• Instructions to follow: Give an exact copy of the lines from the beginning of the listing below to the "The Aliyar River bank in Navamalai" line, inclusive.

• Data for processing:
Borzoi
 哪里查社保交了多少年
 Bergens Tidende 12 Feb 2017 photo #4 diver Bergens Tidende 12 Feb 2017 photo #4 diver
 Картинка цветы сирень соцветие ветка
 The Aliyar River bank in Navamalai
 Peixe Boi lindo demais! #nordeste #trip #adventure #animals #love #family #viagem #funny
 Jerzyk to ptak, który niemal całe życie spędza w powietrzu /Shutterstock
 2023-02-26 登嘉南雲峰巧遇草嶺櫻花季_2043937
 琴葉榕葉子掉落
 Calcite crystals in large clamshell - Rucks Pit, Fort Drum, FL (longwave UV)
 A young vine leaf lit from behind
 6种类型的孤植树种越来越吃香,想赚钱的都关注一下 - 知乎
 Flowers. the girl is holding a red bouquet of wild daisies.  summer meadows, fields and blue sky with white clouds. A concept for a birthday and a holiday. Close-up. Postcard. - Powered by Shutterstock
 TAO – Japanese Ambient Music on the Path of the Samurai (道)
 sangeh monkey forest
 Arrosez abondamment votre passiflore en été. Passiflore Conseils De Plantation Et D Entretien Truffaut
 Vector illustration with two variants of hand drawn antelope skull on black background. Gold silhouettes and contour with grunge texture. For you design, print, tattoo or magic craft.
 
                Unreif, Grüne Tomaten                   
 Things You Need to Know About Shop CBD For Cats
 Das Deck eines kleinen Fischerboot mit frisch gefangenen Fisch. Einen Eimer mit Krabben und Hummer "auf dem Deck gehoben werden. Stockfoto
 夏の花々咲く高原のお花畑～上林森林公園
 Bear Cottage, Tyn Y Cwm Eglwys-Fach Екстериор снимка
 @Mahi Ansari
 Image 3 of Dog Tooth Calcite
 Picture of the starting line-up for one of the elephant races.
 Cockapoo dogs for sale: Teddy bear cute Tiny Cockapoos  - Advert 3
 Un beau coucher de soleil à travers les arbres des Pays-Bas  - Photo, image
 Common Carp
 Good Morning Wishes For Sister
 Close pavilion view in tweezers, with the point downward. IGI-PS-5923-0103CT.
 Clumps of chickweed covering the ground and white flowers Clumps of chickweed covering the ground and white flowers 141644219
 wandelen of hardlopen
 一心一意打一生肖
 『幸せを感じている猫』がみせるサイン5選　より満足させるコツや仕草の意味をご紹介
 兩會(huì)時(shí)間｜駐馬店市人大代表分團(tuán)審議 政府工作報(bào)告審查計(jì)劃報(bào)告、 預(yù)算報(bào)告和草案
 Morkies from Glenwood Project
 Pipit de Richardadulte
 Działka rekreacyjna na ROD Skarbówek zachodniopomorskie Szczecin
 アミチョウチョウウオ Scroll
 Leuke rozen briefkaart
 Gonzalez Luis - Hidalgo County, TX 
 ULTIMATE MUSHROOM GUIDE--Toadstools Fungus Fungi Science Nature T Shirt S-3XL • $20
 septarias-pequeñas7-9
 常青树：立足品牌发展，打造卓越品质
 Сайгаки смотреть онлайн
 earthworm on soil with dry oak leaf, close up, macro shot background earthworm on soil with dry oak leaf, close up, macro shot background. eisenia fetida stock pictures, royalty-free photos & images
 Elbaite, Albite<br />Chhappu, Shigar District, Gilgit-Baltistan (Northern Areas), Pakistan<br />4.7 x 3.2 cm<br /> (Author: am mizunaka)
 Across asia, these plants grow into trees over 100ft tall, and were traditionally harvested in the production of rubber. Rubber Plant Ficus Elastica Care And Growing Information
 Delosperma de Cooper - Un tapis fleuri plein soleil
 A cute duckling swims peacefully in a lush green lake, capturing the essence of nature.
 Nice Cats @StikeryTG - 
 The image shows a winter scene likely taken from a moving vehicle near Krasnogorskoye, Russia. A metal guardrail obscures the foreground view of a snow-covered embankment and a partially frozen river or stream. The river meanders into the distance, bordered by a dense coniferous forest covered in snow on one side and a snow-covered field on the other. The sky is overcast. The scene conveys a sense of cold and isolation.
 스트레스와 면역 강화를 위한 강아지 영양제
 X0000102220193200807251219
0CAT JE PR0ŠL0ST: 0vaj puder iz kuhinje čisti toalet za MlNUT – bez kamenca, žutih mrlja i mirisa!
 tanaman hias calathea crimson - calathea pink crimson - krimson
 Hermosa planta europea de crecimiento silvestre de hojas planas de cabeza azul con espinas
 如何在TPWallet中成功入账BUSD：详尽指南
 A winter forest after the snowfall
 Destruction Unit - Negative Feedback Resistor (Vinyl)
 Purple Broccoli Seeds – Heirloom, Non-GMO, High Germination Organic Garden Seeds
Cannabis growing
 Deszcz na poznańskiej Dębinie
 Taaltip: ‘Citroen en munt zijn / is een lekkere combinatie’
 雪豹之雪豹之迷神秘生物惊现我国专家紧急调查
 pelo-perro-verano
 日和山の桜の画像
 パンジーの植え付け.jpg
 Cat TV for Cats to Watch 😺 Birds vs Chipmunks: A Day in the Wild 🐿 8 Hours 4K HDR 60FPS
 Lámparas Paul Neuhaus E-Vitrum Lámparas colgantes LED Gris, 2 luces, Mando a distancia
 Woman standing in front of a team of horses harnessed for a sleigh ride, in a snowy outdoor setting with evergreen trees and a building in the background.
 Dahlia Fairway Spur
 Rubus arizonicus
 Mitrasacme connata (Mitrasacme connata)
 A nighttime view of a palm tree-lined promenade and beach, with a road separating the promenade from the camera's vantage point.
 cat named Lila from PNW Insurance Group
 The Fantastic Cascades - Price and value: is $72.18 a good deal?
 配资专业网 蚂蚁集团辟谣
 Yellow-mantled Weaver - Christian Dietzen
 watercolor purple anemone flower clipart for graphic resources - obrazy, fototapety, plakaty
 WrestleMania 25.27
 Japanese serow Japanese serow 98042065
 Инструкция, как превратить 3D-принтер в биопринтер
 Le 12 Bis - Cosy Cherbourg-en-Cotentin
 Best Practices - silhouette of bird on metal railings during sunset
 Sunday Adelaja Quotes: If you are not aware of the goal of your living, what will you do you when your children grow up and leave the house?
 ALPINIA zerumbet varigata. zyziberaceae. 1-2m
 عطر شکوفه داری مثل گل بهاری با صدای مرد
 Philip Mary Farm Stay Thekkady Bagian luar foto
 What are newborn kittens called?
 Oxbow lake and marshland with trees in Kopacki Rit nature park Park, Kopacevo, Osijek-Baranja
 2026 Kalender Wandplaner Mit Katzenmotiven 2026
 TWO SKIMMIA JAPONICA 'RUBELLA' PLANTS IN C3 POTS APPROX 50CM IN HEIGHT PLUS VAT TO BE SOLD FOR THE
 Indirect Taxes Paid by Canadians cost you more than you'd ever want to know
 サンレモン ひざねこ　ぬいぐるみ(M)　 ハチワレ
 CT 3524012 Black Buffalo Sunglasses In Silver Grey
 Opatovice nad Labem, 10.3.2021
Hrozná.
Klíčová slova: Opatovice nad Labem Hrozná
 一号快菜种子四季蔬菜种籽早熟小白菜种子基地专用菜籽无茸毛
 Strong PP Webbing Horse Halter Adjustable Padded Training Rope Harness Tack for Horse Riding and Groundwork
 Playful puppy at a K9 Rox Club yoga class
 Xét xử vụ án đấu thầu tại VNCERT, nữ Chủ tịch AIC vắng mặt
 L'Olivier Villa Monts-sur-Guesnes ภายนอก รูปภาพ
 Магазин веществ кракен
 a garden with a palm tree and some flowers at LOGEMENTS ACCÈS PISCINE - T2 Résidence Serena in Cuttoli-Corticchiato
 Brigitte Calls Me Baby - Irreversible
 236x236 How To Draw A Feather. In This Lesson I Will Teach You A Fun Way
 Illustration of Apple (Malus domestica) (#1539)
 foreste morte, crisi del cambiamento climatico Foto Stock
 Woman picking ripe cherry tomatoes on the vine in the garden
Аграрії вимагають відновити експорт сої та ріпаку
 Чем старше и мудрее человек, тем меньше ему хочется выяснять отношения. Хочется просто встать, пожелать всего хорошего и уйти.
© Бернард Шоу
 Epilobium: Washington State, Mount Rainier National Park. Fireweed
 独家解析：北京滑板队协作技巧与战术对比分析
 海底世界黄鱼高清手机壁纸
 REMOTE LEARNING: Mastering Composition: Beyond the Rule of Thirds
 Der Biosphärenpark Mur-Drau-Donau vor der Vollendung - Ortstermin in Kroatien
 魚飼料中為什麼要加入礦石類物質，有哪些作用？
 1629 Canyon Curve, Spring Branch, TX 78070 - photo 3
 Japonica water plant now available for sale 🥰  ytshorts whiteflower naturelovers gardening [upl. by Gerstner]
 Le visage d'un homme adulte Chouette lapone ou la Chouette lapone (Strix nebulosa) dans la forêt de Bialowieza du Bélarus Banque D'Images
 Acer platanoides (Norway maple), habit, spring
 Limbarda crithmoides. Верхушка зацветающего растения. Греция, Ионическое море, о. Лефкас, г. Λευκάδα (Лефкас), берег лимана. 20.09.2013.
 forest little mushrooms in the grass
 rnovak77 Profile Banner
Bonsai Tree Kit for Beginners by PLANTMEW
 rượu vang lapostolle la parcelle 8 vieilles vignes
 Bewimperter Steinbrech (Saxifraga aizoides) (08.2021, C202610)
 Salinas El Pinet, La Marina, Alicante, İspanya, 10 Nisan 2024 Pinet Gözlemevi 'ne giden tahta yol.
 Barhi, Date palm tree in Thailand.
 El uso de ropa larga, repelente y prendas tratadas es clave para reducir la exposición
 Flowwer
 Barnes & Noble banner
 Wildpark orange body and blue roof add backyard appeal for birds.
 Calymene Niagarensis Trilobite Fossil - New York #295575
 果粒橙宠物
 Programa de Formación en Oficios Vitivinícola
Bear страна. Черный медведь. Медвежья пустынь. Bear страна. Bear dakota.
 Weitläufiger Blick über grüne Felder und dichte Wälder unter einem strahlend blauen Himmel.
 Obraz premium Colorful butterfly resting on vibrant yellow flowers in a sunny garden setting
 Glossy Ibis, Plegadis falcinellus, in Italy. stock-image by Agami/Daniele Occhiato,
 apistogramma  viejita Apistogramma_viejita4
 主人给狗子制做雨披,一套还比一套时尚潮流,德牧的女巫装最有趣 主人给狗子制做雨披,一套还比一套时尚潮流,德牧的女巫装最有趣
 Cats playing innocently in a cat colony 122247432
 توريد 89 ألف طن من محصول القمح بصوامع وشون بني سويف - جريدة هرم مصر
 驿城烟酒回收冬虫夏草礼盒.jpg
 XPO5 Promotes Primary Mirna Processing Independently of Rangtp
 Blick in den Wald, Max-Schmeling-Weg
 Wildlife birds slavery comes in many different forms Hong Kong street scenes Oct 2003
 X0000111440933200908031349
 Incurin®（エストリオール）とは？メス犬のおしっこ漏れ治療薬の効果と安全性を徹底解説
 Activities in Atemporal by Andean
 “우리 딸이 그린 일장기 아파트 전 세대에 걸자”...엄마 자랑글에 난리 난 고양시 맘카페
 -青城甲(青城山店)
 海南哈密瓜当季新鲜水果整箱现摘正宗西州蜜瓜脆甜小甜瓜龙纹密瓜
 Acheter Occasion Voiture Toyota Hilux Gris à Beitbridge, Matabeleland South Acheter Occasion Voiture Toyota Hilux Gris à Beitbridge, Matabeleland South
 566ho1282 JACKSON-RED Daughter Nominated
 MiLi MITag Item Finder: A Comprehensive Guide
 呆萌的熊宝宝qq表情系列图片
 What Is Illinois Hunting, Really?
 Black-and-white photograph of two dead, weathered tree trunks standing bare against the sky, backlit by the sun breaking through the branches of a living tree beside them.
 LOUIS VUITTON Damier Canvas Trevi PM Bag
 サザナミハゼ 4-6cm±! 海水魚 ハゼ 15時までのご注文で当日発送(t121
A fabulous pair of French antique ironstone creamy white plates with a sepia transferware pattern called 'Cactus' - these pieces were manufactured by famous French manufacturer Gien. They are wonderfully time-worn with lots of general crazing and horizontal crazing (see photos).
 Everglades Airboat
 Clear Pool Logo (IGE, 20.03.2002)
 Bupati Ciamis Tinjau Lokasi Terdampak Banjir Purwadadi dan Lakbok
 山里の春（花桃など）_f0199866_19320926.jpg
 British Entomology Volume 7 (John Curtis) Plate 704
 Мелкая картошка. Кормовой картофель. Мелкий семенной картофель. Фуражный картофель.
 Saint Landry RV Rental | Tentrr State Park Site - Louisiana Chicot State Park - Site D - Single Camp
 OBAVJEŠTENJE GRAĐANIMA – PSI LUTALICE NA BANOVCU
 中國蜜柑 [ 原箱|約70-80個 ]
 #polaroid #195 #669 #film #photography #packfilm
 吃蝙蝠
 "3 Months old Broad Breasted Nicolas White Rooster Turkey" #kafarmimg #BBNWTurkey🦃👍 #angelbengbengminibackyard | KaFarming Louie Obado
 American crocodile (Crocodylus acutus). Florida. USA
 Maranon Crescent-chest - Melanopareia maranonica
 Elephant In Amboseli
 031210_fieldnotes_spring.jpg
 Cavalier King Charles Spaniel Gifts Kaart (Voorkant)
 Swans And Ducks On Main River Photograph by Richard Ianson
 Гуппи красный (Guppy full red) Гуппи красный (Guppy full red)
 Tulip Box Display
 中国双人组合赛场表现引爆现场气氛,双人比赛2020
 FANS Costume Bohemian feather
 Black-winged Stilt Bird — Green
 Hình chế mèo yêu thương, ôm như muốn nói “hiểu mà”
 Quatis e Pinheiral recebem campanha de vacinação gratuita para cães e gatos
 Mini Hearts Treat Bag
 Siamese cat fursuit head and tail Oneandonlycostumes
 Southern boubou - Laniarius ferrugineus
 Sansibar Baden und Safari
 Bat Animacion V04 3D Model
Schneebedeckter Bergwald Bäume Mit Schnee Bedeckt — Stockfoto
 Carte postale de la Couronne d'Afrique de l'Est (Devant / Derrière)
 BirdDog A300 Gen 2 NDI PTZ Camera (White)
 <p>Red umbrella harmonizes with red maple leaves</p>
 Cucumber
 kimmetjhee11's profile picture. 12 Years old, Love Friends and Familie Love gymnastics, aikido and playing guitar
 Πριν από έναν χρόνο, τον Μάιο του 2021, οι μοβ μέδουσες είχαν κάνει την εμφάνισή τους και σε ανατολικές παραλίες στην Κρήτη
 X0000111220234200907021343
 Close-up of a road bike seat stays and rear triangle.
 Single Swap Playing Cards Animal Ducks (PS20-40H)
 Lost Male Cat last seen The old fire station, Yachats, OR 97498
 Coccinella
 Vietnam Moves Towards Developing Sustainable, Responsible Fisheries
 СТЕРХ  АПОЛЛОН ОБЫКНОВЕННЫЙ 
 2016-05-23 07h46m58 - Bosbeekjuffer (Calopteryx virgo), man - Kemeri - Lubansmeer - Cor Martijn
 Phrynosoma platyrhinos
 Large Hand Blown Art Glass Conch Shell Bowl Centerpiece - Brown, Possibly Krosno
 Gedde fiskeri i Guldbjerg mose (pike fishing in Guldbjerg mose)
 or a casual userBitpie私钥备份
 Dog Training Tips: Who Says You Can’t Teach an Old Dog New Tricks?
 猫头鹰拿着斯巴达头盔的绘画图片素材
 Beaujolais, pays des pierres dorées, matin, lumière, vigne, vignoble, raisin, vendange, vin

• Written reply:
Borzoi
 哪里查社保交了多少年
 Bergens Tidende 12 Feb 2017 photo #4 diver Bergens Tidende 12 Feb 2017 photo #4 diver
 Картинка цветы сирень соцветие ветка
 The Aliyar River bank in Navamalai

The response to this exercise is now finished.